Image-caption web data
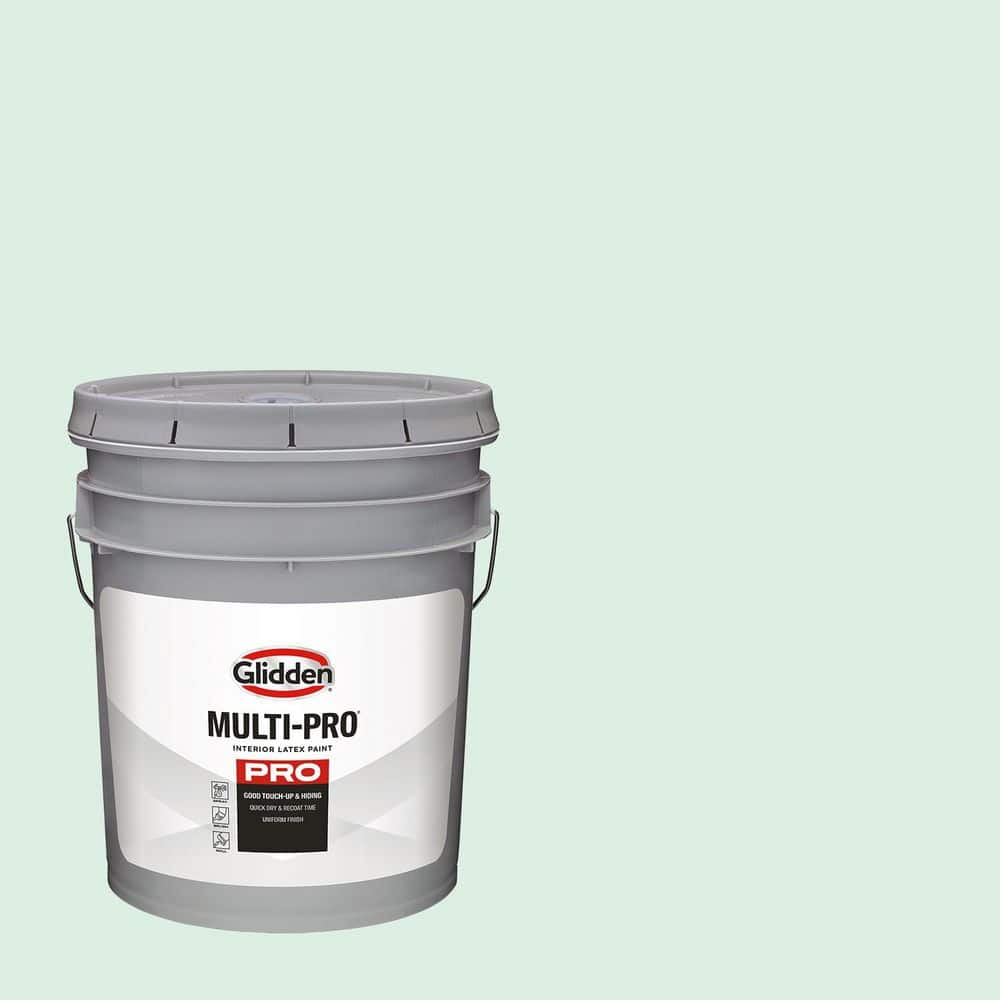 5 Gal. PPG1228-1 Maggie's Magic Semi-Gloss Interior Paint price history on PriceWatchPro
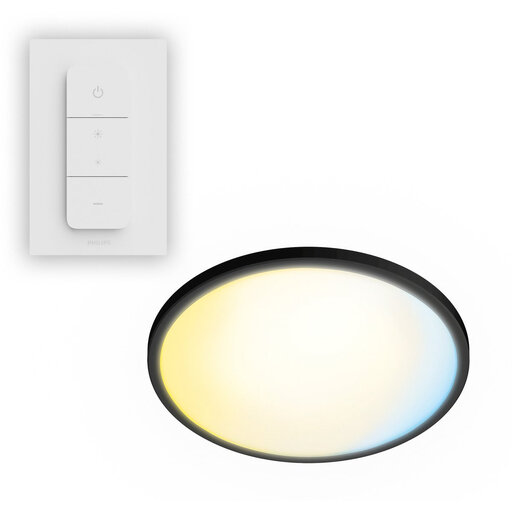 Philips SuperSlim All-In-One Plafondlamp
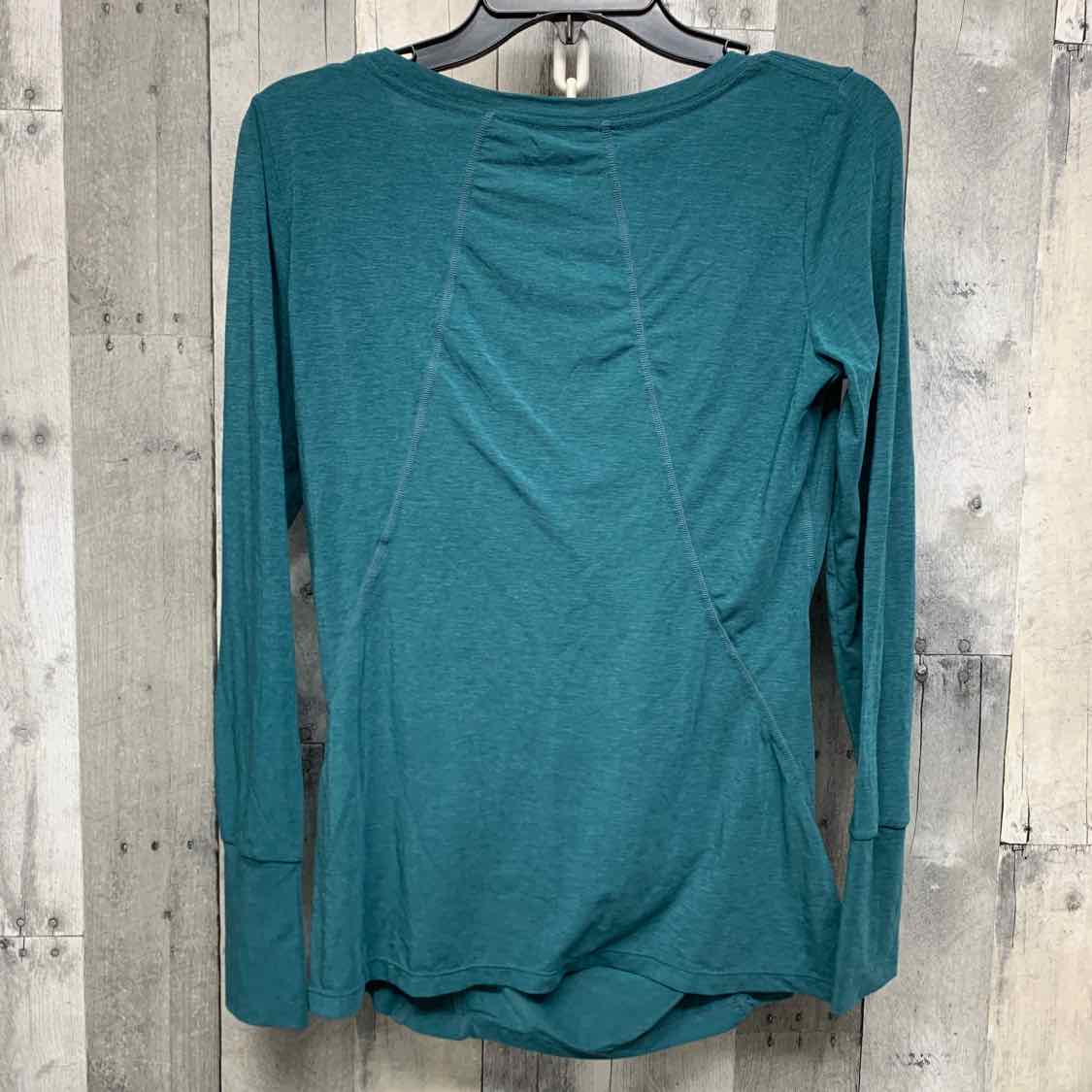 Size S Teal Old Navy Long Sleeve Top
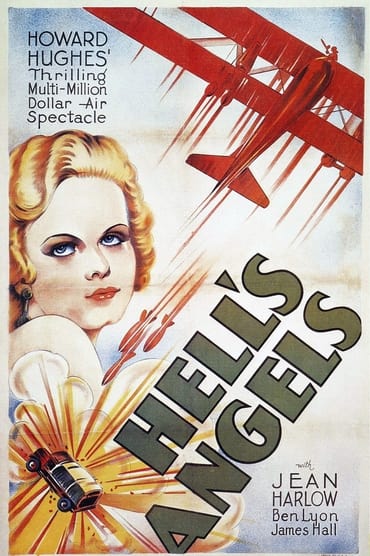 Hell’s Angels (1930) online sa prevodom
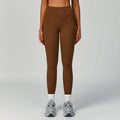 Seamless Stretch Leggings - High-Waist Butt-Lifting Yoga Pants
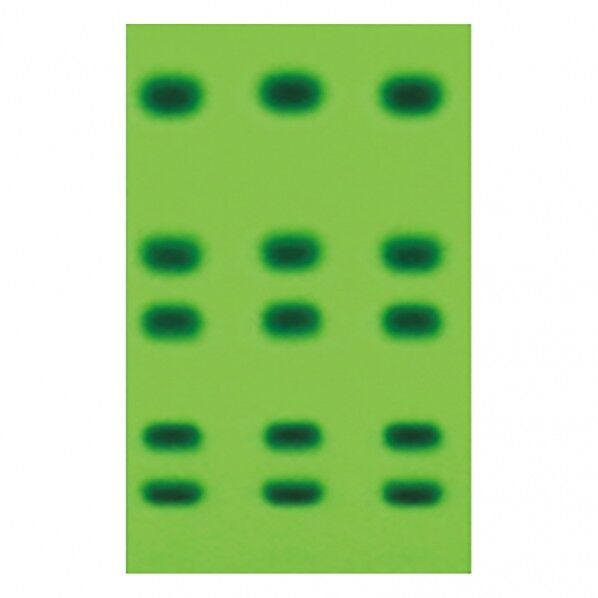 TLCラックスプレート（R） 25×75 3-3414-01 1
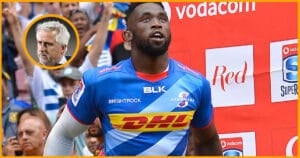 Robbie Fleck named Siya Kolisi Stormers captain after hearing him speak at a wedding, then said on air what that speech told him about his own leadership.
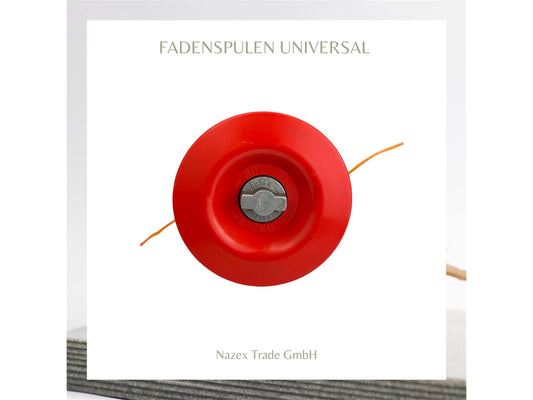 Fadenspulen Trimmer Line Universal Fadenkopf Freischneider Kantenköpfe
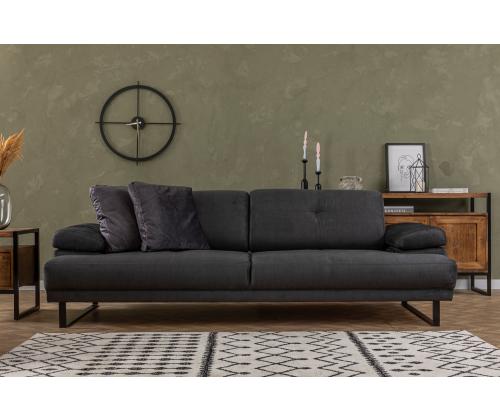 Mustang - Anthracite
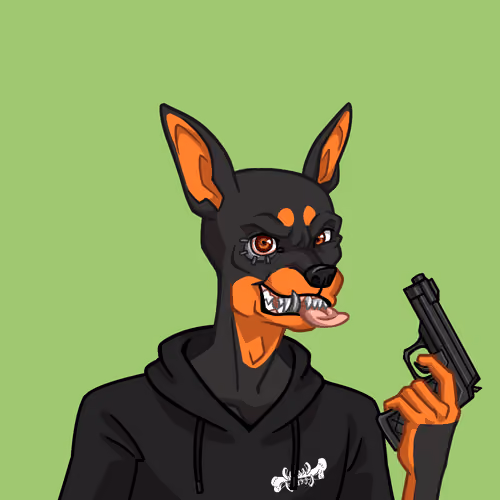 Canine Cartel #7170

What you need to do:
The records above are to be transcribed exactly, with every picture left out.

Response to the task:
 5 Gal. PPG1228-1 Maggie's Magic Semi-Gloss Interior Paint price history on PriceWatchPro
 Philips SuperSlim All-In-One Plafondlamp
 Size S Teal Old Navy Long Sleeve Top
 Hell’s Angels (1930) online sa prevodom
 Seamless Stretch Leggings - High-Waist Butt-Lifting Yoga Pants
 TLCラックスプレート（R） 25×75 3-3414-01 1
 Robbie Fleck named Siya Kolisi Stormers captain after hearing him speak at a wedding, then said on air what that speech told him about his own leadership.
 Fadenspulen Trimmer Line Universal Fadenkopf Freischneider Kantenköpfe
 Mustang - Anthracite
 Canine Cartel #7170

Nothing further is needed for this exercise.